Such as Fig. 1, melamine powder is divided into several groups by mono- group of 10g, be used alternatingly respectively 100ml deionized water and
100ml dehydrated alcohol is cleaned by ultrasonic 30min at 50 DEG C, and suspension is then transferred to another beaker, outwells bottom dispersion
Uneven object and sediment are dried at 60 DEG C, are smashed to pieces uniformly, be put into the crucible of 50ml, the ultrasonic vibration in supersonic cleaning machine
30min makes melamine powder be evenly distributed, wherein 4 groups are pressed 2 DEG C, 4 DEG C, 6 DEG C and 8 DEG C of heating rate respectively, at least 3 groups
By 10 DEG C of heating rate, be heated at the same position that is individually positioned in Muffle furnace 550 DEG C then heat preservation 180min produce
g-C3N4Solid, the heater strip in Muffle furnace are distributed in furnace body two sides, distance phase of the position far from both sides heater strip that crucible is placed
Deng, the temperature gradient distribution in crucible is as shown in Figure 2.
The g-C that will be prepared3N4Solid takes out, and is cut into energy along parallel temperature gradient direction and vertical temperature gradient direction
The maximum square block accessed guarantees that the amount cut off in each direction is of substantially equal as far as possible, label each surface of square block with
There are 4 parallel temperature gradient direction sections and 2 vertical temperature gradient directions to cut for relationship between temperature gradient, the square block
Face then takes out cooled to room temperature, for use with each section is uniformly coated after the submergence of the transparent paraffin of fusing.

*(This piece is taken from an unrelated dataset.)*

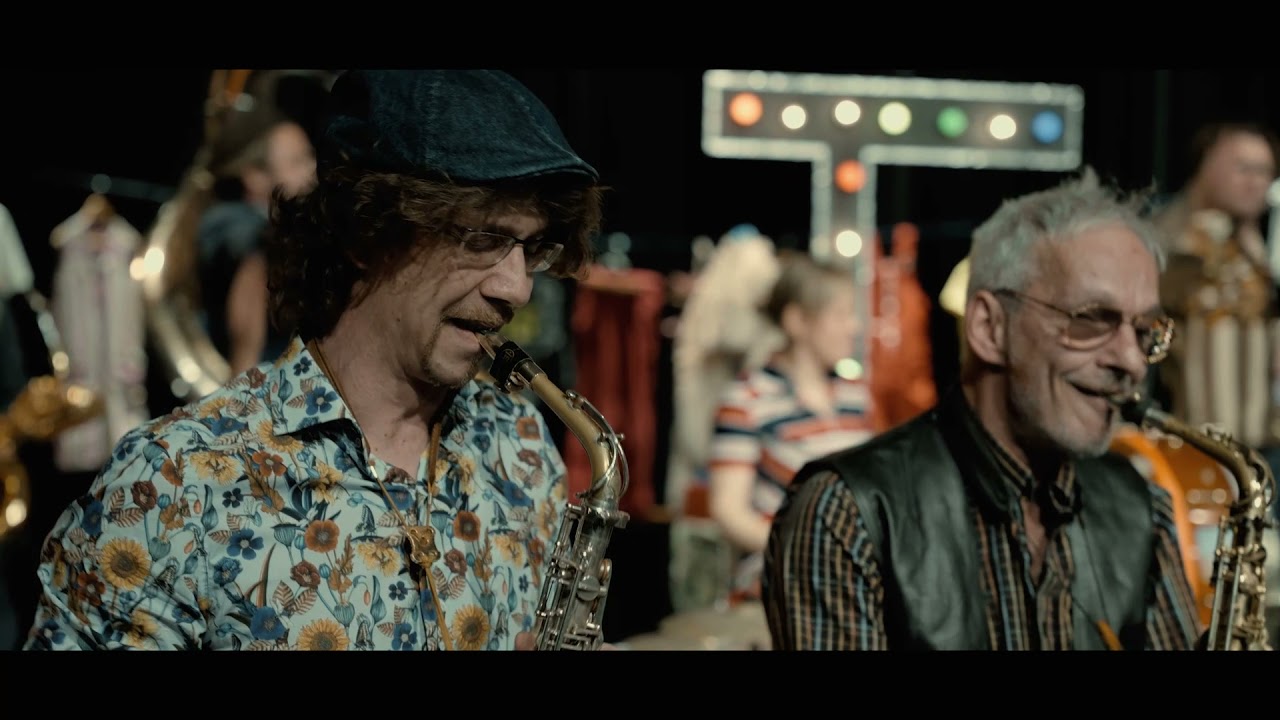 Orchestre International du Vetex   Performance 'Plaza Mayor' 2021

Photocatalytic degradation RhB experiment:
Such as Fig. 3, Fig. 4, taking one piece of heating rate is 10 DEG C of g-C3N4Solid square block carries out under an atomic force microscope
Observation, on the section in vertical temperature gradient direction, this it appears that sample shows stratiform along left and right directions in 3D figure
It is distributed, clearer can find out that two-dimensional layered structure shows the distribution of rule from the lower left corner to the upper right corner in 2 d plane picture
Transition.
On the section in parallel temperature gradient direction, 3D figure is with 2 d plane picture this it appears that the two-dimensional surface of sample
Structure is two dimension g-C3N4It piles up, forms a sharp contrast with Fig. 3.2 d plane picture clearer can find out its edge
Temperature gradient show certain two-dimensional layered structure.Pass through the comparison of Fig. 3 and Fig. 4, it can be deduced that g-C3N4Two-dimensional surface
It is grown along the direction of temperature gradient, and high activity face is then perpendicular to temperature gradient.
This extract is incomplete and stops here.